* Task description *
Starting with the line below that holds "Wall Art - Drawing" and stopping after the line that holds "Sıla Türkoğlu Reklam", transcribe the lines exactly, leaving out all pictures.

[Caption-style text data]
• • • • • • •

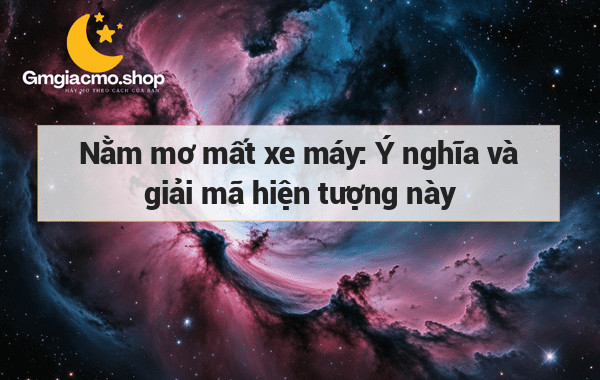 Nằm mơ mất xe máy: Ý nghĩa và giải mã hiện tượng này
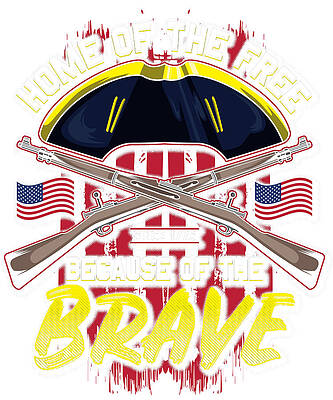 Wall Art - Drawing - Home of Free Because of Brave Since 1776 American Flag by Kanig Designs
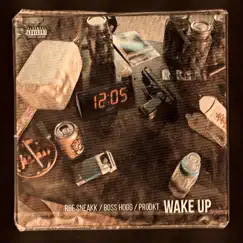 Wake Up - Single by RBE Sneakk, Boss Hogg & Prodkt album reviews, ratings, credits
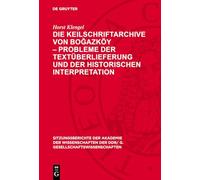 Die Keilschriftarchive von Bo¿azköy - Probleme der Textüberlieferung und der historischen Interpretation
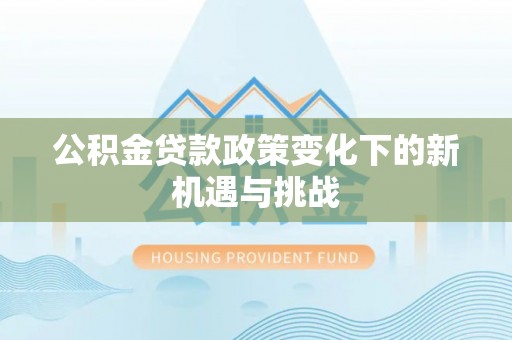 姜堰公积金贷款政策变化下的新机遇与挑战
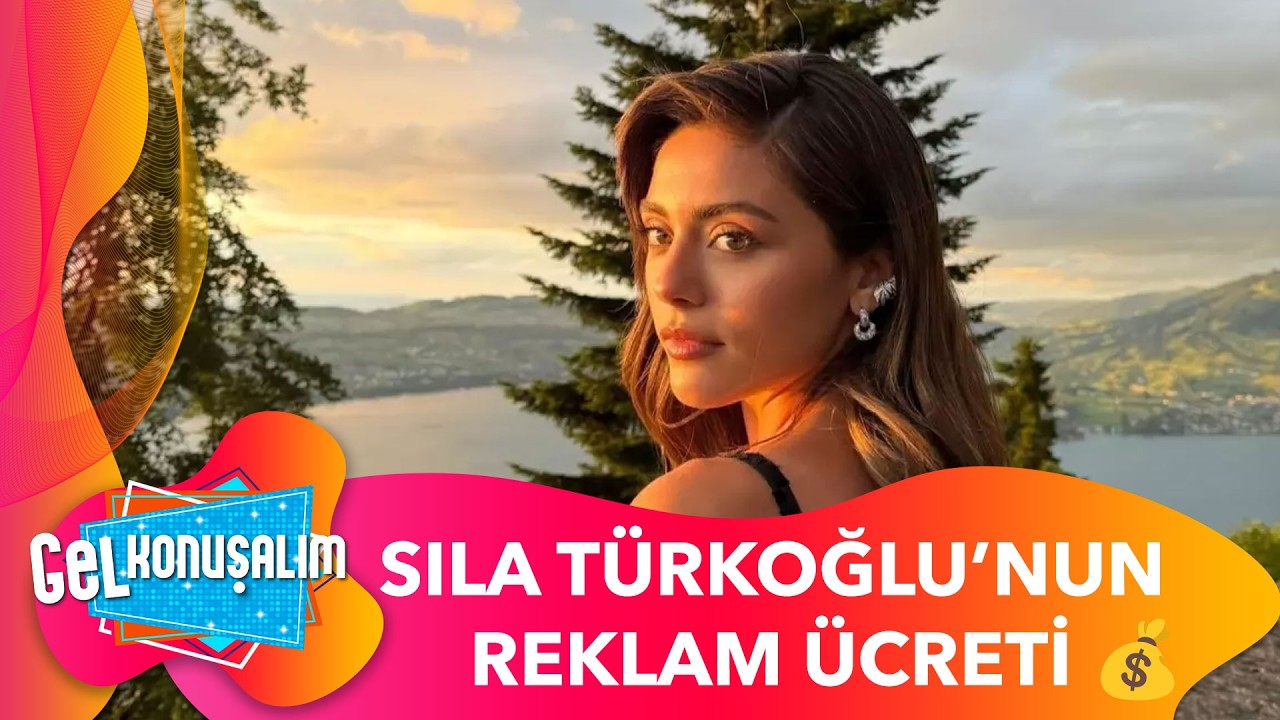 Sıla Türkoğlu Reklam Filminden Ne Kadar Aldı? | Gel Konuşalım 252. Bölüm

• • • • • • •

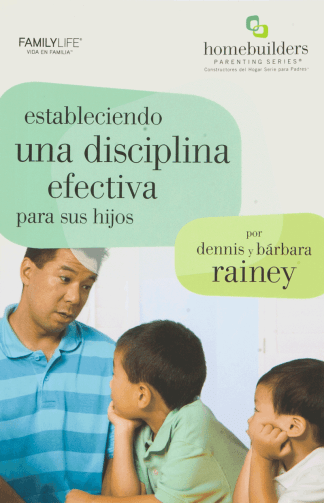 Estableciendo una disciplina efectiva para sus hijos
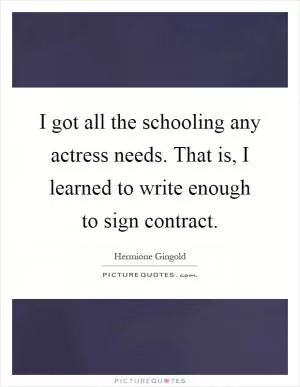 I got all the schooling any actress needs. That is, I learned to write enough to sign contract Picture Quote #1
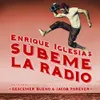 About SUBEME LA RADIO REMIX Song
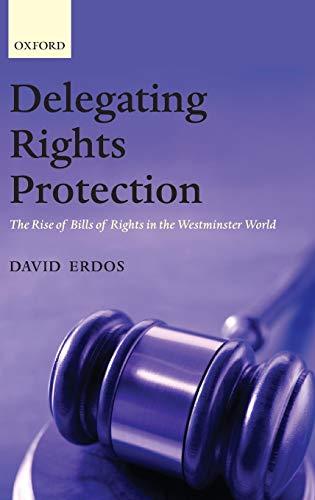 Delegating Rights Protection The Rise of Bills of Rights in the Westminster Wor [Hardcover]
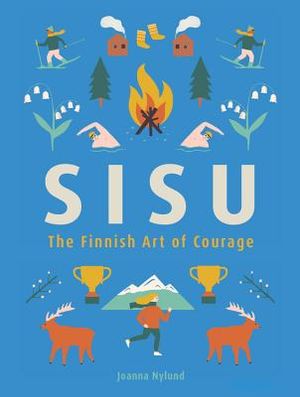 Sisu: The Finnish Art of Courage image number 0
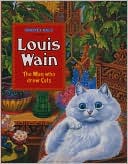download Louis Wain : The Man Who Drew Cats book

• • • • • • •

* The completed task *
 Wall Art - Drawing - Home of Free Because of Brave Since 1776 American Flag by Kanig Designs
 Wake Up - Single by RBE Sneakk, Boss Hogg & Prodkt album reviews, ratings, credits
 Die Keilschriftarchive von Bo¿azköy - Probleme der Textüberlieferung und der historischen Interpretation
 姜堰公积金贷款政策变化下的新机遇与挑战
 Sıla Türkoğlu Reklam Filminden Ne Kadar Aldı? | Gel Konuşalım 252. Bölüm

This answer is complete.